Sollte sich der Coronavirus insbesondere in China weiter ausbreiten, rechnet Marcel Fratzscher, Präsident des DIW, mit wirtschaftlichen Folgen in drei Bereichen.

Bei weiterer Verbreitung: Wertschöpfungsketten, Investitionen und Kreditvergaben beeinträchtigt

Zum einen könnte eine vorübergehende Stilllegung von Fabriken die „globalen Wertschöpfungsketten“ beeinträchtigen. Deutsche Unternehmen importierten „mehr als die Hälfte des Wertes ihrer Exporte“. Für die Produktion nötige Vorleistungen aus China und anderen Ländern könnten nicht genügend importiert werden, sagt Fratzscher.

Laut Martin Wansleben, Hauptgeschäftsführer der Deutschen Industrie- und Handelskammer, hätten chinesische Unternehmen bereits reagiert – zum Beispiel Dienstreisen durch Telefonkonferenzen ersetzt und Pläne entworfen, wie sie mit weniger Personal produzieren können.

Ob und inwiefern auch langfristig aufgebaute Lieferketten betroffen sind, ist derzeit noch nicht absehbar,“ sagt Wansleben.

Zweitens könnte sich die Investitionstätigkeit von Unternehmen und die Kreditvergabe seitens der Finanzinstitutionen reduzieren, so Fratzscher weiter. Denn der Coronavirus erzeuge erhöhte Unsicherheit. „Vor allem deutsche Unternehmen sind stark gegenüber China exponiert. Allein die vier großen deutschen Autobauer Audi, VW, Daimler und BMW erzielen mehr als ein Drittel ihrer Gewinne in China.“

Wansleben: Bei weiterer Verbreitung erhebliche Ausstrahlung auf Welthandel möglich

Martin Wansleben ergänzt, dass sich das Handelsvolumen China-Deutschland auf rund 200 Milliarden Euro pro Jahr belaufe. Rund 5.200 deutsche Unternehmen mit 1,1 Millionen Arbeitsplätze seien in China aktiv. Die Zahlen wurden nicht verifiziert.
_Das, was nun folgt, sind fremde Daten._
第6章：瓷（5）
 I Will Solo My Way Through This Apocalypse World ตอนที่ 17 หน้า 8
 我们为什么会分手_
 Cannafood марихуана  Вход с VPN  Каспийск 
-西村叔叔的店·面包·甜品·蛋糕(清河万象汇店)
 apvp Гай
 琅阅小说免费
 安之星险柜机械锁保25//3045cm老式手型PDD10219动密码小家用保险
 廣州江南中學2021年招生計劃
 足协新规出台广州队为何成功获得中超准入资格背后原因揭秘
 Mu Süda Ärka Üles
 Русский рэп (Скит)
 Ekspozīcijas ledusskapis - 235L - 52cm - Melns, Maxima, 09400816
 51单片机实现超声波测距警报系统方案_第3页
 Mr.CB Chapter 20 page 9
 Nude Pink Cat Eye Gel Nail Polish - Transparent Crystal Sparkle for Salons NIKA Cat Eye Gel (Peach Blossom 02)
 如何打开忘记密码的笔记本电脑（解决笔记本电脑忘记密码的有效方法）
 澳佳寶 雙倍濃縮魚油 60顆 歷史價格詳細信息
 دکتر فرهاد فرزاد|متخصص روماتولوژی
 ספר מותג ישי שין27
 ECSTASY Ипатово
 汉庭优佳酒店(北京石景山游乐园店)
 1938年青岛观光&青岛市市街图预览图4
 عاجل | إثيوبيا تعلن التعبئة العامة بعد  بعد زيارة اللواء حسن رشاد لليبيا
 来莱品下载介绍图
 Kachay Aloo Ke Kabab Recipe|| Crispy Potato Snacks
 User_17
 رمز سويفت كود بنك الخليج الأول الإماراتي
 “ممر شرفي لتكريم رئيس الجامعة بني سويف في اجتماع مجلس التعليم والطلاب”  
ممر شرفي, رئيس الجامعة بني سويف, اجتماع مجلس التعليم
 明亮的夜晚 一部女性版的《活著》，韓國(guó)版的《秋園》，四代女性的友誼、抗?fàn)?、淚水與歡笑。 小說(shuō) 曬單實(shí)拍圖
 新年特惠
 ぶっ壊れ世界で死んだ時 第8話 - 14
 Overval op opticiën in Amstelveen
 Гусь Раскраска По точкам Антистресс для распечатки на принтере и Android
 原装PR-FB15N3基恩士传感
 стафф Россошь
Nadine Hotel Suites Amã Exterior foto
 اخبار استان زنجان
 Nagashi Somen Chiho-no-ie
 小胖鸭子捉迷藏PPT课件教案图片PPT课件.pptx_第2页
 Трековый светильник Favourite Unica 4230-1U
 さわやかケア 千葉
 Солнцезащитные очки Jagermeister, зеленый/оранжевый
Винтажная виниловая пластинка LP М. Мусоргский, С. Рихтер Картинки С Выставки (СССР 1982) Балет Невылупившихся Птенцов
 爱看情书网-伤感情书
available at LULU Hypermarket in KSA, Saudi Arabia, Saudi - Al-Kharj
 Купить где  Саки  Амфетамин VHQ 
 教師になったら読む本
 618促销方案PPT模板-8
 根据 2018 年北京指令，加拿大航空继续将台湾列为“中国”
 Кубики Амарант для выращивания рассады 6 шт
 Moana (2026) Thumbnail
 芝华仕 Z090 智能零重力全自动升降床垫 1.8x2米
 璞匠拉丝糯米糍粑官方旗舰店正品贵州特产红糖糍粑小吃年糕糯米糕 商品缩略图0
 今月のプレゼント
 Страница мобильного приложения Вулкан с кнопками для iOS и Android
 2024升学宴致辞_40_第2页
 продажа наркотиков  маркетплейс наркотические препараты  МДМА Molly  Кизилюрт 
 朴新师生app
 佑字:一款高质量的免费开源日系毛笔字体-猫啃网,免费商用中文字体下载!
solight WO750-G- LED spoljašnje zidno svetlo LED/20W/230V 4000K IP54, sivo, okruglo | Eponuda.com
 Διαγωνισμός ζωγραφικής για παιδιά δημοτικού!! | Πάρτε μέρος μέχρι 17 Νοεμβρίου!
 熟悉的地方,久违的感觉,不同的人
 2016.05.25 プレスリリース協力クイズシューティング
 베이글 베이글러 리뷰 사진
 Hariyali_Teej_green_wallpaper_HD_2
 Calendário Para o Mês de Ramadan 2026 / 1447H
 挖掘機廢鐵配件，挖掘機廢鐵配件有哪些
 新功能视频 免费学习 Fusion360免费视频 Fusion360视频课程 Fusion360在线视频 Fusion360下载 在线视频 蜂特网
Wansleben befürchtet im Fall einer weiteren Ausbreitung des Virus ebenfalls eine „erhebliche Ausstrahlung auf den Welthandel […] und nicht nur [auf] den bilateralen Handel zwischen China und Deutschland.“ Der Sars-Virus habe die chinesische Wirtschaftsleistung um mehr als 1 Prozent und die Weltwirtschaft um 0,6 Prozent nach unten getrieben. „An der Börse und beim Ölpreis gab es bereits erste Reaktionen nach unten“, so Wansleben weiter.

Tourismus-Branche könnte leiden

Fratzscher dritte Prognose ist, dass die Nachfrage der Konsumenten nach Konsumgüter und Reisen „deutlich sinken“ könnte. Dass auch deutsche Unternehmen betroffen sein könnten, mache der Flugstopp mit China in beide Richtungen deutlich. Bis zum 9. Februar sollen die Flüge ausgesetzt werden.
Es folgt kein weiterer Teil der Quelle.